Note: Some areas within the Shelby County Schools coverage area were zoned to Memphis City Schools' Cordova High School (located in an unincorporated area and operated by Memphis City Schools) while being zoned to Shelby County Schools' elementary and middle schools.

Former schools

Secondary schools

High schools 

 Cordova High School – (The school was placed into the Memphis City Schools system in fall 2004) – Cordova High School serves some areas within the Shelby County Schools area that are zoned to Shelby County Schools-operated schools for elementary and middle school.
 Kirby High School – Hickory Hill was annexed by the City of Memphis in December 1998, thus placing the school in the Memphis City Schools system in fall 1999. Kirby primarily serves the southeast area of Memphis going to the current city-unincorporated county boundary line. Outside of this boundary, all schools are zoned to the Shelby County Schools.
 Northside High School – Closed in 2016 due to low enrollment.
 Raleigh-Egypt High School – Annexed with Raleigh in the 1970s. Serves the west and northwest area of Raleigh.

Middle schools 

 Kirby Middle School (Memphis, Tennessee)
 Raleigh-Egypt Middle School (Memphis, Tennessee) – Annexed with Raleigh in the 1970s.

Elementary schools 

 Brownsville Road Elementary
 Capleville Elementary – Former elementary school on Shelby Drive.
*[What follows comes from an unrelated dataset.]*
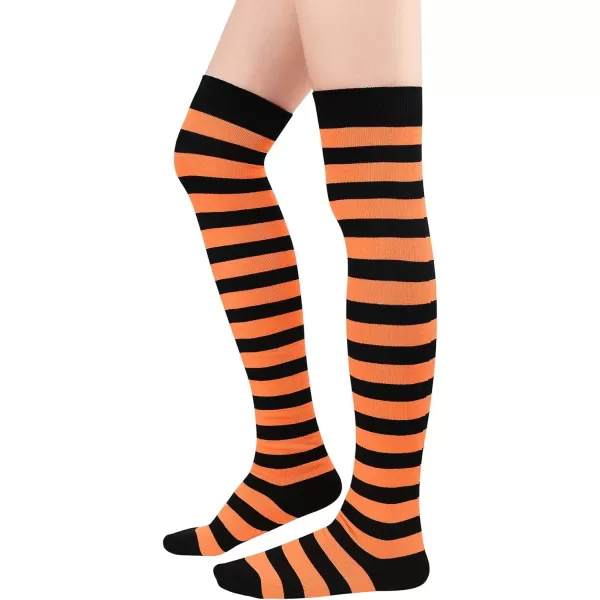 Zando Womens Thigh High Socks Striped High Knee Socks Knee High Socks for Cosplay Long Socks Over the Knee Leg Warmers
Building destroyed by fire in 2009.
 Egypt Elementary – Annexed with Raleigh in the 1970s.
 Kate Bond Elementary School – (Kate Bond was placed into the Memphis City Schools system in fall 2004)
 Millington East Elementary School (Merged with Millington South)
 Millington South Elementary School (Merged with Millington East)
 Ross Elementary
 Winchester Elementary – Annexed with Whitehaven in the 1970s.